You're targeting enterprise, which means it's not a weekend minimum viable product that you're going to go and sell to somebody on Monday.
How did you get started?
What was that first version of the product?
How long did it take you to build?
But more importantly, how long did it take for you to find that exact problem that you were going to go and solve?
Thomas Cottereau (22:47.390)
It took us literally four months to get a prototype that worked where we could demo our vision through software.
The hard part of it was to build a true platform that would scale globally and that is enterprise ready.
That took us five years.
So I did not anticipate five years.
Right.
Which is a big gap between four months and five years, as you can imagine, of your life.
It's not the same story.
So why did it take so much time is because there were so many challenges that we had to overcome to make the right solution for the enterprise market.
On we were really combining these two words, the telecommunication on the software that did not communicate together, that did not work together in the past.

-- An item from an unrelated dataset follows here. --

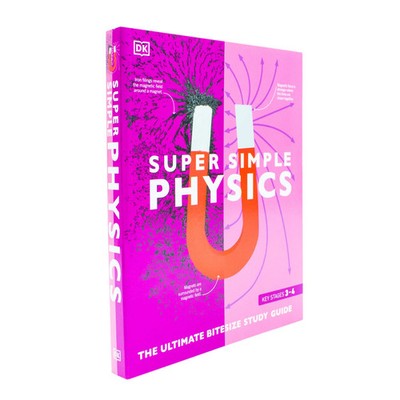 Super Simple, Physics, The Ultimate Bitesize Study Guide By DK- Paperback Book |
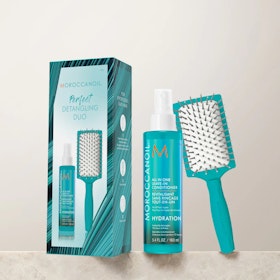 Moroccanoil - Detangling Duo (GRATIS Minipaddelborste)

And so we hired some telecommunication engineers, some software developers, get Them on the same deck on working in the same office every day.
Even after several years, they were still not speaking the same language.
So just to highlight the big gap between these two industries that we were bridging, that was painful, was long.
So after three years of building the platform, we had first PoCs here and there on trying to test the market to see how to, how to deliver our product.
And that's where we raised our seed round of funding.
Omer (24:39.640)
And when you got to that seed stage, had you clearly defined the problem now like in terms of this is, you know, the sitecore product that you told us about earlier, we had some
Thomas Cottereau (24:53.480)
good ideas as you do in seed, you know, you have good PowerPoint and you explain all of the problem that you could solve on the few POCs that are ongoing.
And we started, you know, to.
We used the Bunker to find, you know, some investors back in Paris.
And you know, after a couple of months, the bunker told us that there was no response and it was not ready and didn't find any investors.
So I was a bit upset with that.
So I asked the Bunker to let us do it by ourselves and we've done it.
Reached to first investor there directly.
There's a fun story there.
I hope this investor would not be mad if I share it with you.
But you know, I reached out to this guy I identified at kind of one of the biggest fund in, in France.
The one guy that I saw had the perfect profile investing in, in software, in tech and also having some understanding of the telecommunication background.
So he was the, you know, hey, that's the one guy I want to speak to, this one.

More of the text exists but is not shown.